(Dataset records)
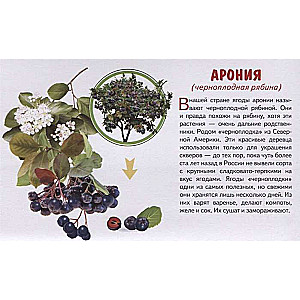 Garden Berries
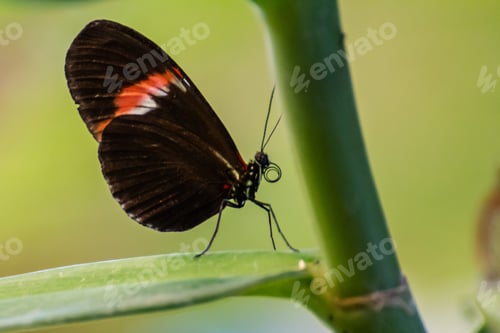 Preview: Beautiful black and red butterfly on a green leaf, nature zoomed, depth of field, beauty in nature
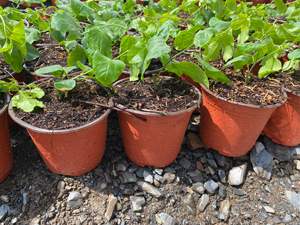 <span class=keywords><strong>Vaso</strong></span> da Giardino <span class=keywords><strong>in</strong></span> Plastica per Piante, <span class=keywords><strong>Vaso</strong></span> da Vivaio per la Crescita <span class=keywords><strong>di</strong></span> <span class=keywords><strong>Semi</strong></span> 18cm, Ecologico, CLASSICO, Rosso, per <span class=keywords><strong>Fiori</strong></span> e Piantine, <span class=keywords><strong>in</strong></span> Plastica Bianca PP - Product Image 6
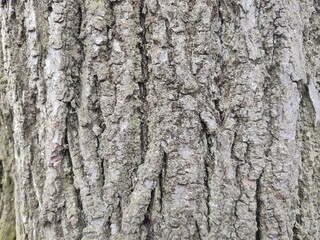 tree bark. cozy background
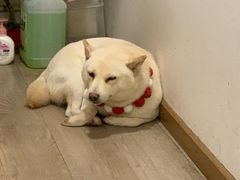 -柴迷FANS CLUB·柴犬狗咖·猫咖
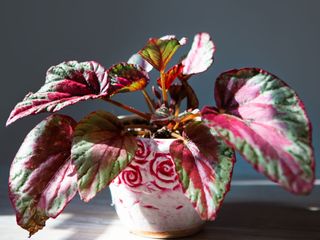 Begonia rex 'Maui Sunset'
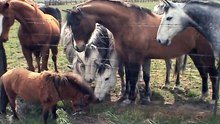 L'instant meugnon : 5 étalons s'alignent près de la clôture, mais admirez bien  la suite ! Incroyable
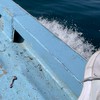 学生釣り広島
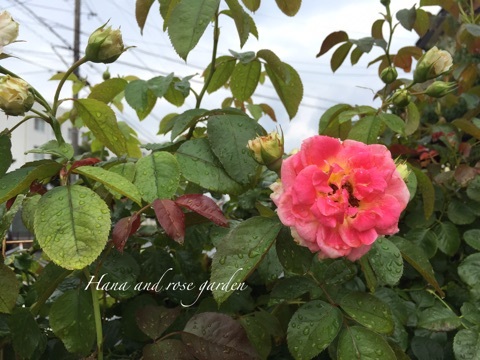 {3551EDBE-E133-4B30-8C37-0EF7308D6B25}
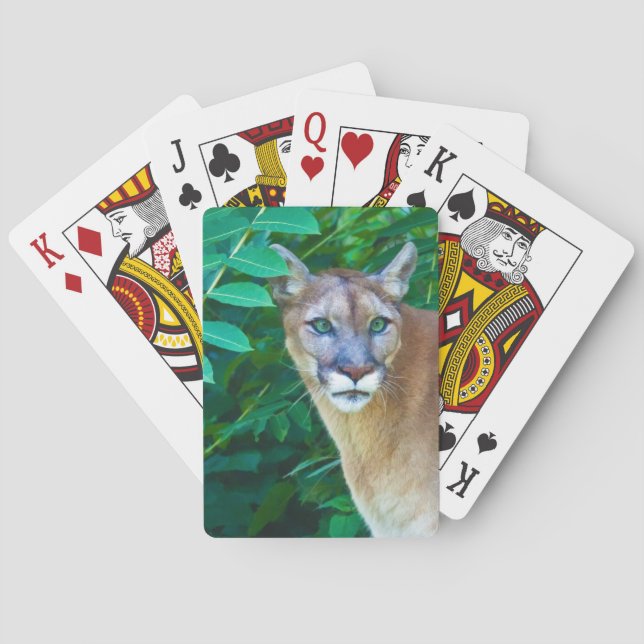 Baraja De Cartas Puma en la selva (Reverso)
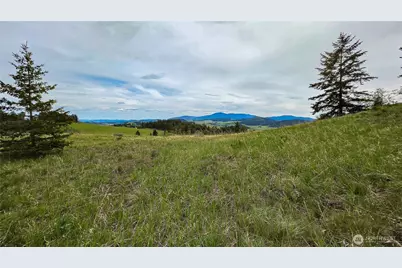 196 Tbd Davies Road, Oroville, WA 98844 - Photo 10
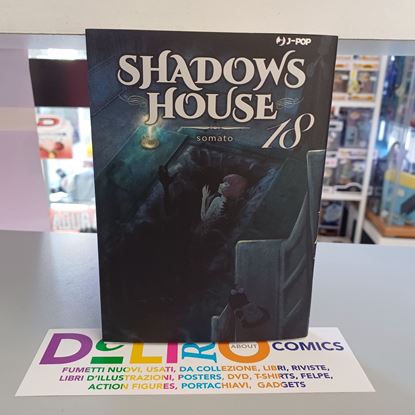 Immagine di SHADOWS HOUSE 018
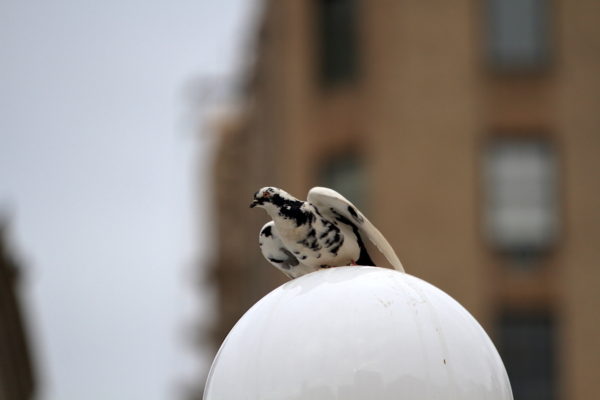 Washington Square Park black and white pigeon on lamp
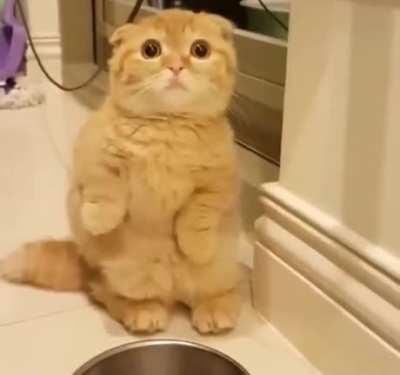 Don't mean to bother you but I have a question. It's concerning my empty food bowl.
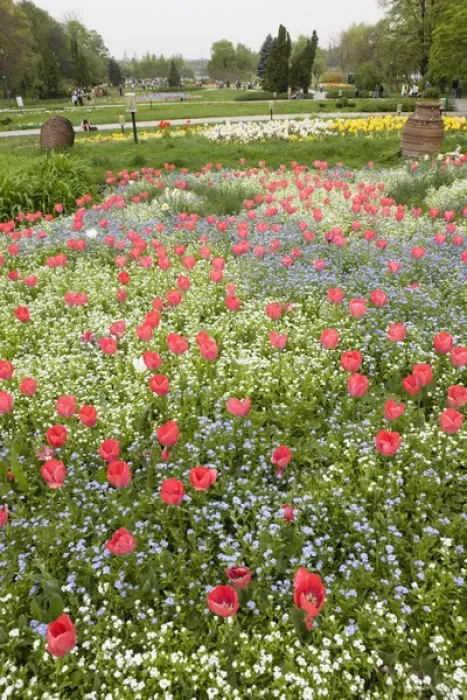 Framed Print : Spring in Herastrau Park in the City center of Bucharest. Herastrau is the biggest Framed Print : Spring in Herastrau Park in the City center of Bucharest. Herastrau is the biggest
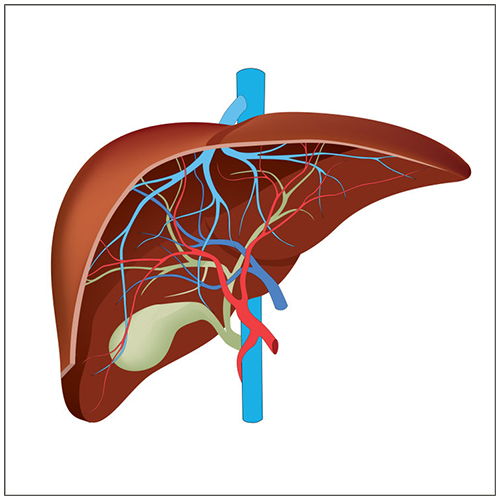 Cancer Surgery Clinic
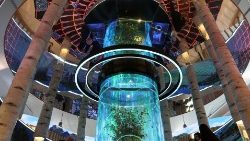 Beim Klimagipfel COP29 in Baku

REQUIRED ACTION. Although the records above contain pictures, the copy should not; retype exactly the lines from the one containing "Baraja De Cartas Puma en la selva (Reverso)" through the one containing "Don't mean to".

SOLUTION TO THE PROBLEM.
 Baraja De Cartas Puma en la selva (Reverso)
 196 Tbd Davies Road, Oroville, WA 98844 - Photo 10
 Immagine di SHADOWS HOUSE 018
 Washington Square Park black and white pigeon on lamp
 Don't mean to bother you but I have a question. It's concerning my empty food bowl.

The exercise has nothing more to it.